As India’s digital financial infrastructure scales unprecedentedly by 2026, driven by India Stack 2.0 and the ubiquity of UPI, the attack vectors for sophisticated financial fraud have evolved. Synthetic identity fraud, powered by generative AI, and the industrial-scale use of mule accounts for money laundering now represent a systemic risk to the BFSI sector. Traditional, siloed fraud detection systems, reliant on static rules and delayed batch processing, are increasingly ineffective against these dynamic, AI-driven threats.

LensCraft IT Ventures presents "Project Sentinel," a conceptual research framework designed to create a next-generation security perimeter for digital customer onboarding and transaction monitoring. This proposed architecture integrates two core components: a real-time, multi-modal deepfake detection network embedded directly into the Video-KYC (vKYC) pipeline, and an event-driven, agentic AI system for the sub-200ms detection and interdiction of mule account activity.

Our modeling projects that this framework could reduce successful synthetic identity fraud at the onboarding stage by over 85% and decrease the financial exposure from mule account networks by up to 90%. This study outlines the technical blueprint, implementation strategy, and projected impact for new-age Neo-banks and Tier-2 Urban Cooperative Banks seeking to scale securely.

Targeted Scenario & Context

Our research focuses on a representative cohort: a consortium of fast-growing Indian Neo-banks and progressive Tier-2 Urban Cooperative Banks (UCBs).
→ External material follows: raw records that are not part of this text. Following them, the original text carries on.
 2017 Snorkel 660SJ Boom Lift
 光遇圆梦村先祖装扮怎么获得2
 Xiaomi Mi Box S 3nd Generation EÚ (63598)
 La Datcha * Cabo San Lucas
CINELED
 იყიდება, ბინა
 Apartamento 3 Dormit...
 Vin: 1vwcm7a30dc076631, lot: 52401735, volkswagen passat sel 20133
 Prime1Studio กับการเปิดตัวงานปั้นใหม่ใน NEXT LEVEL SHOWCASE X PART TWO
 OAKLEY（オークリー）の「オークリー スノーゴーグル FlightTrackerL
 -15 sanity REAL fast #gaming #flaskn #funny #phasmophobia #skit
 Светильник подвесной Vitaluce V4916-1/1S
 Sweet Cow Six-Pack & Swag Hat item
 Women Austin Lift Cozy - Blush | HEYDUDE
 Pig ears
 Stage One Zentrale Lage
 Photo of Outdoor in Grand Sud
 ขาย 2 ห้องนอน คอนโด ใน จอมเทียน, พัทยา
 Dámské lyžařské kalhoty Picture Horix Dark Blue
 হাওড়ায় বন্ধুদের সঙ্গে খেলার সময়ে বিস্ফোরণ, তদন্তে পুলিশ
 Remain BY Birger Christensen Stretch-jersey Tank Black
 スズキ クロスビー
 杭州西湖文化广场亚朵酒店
These institutions are aggressively pursuing market share by offering frictionless, fully digital account opening. Their current technology stack typically consists of a modern microservices-based front-end connected to a mix of legacy and modernized Core Banking Systems (CBS) like Finacle 10 or Flexcube.

While they have embraced India Stack for e-KYC via Aadhaar and DigiLocker, their primary defense for remote onboarding is a standard, human-agent-led vKYC process. Transaction monitoring is largely handled by traditional Fraud Risk Management (FRM) solutions that analyze transaction data in near-real-time but lack the predictive and graph-based capabilities to identify sophisticated collusion patterns instantly. This technology gap represents a critical vulnerability in their growth strategy.

The Challenge

The primary operational and financial pain points stem from the sophistication of 2026-era fraud techniques, which overwhelm existing defenses:

  1. Synthetic Identity Onboarding via Deepfakes: Fraudsters are leveraging advanced generative AI to create hyper-realistic deepfake videos and audio for vKYC. These synthetic personas can bypass human agents who are not trained to spot subtle digital artifacts. A successful synthetic identity can be used to open dozens of accounts, apply for credit, and then default, causing significant losses. We estimate that by 2026, synthetic fraud attempts will constitute over 15% of all high-risk onboarding applications, a 400% increase from 2024 levels.

  2. High-Velocity Mule Account Networks: The speed of UPI enables fraudsters to rapidly layer illicit funds through a complex web of newly created or compromised accounts (mules). Legacy FRM systems, often operating with latencies of several minutes to hours, cannot react fast enough. By the time an alert is generated and reviewed, the funds have been moved through multiple hops and often cashed out. The average detection latency of 2-4 hours allows for the complete siphoning of funds in over 95% of targeted attacks.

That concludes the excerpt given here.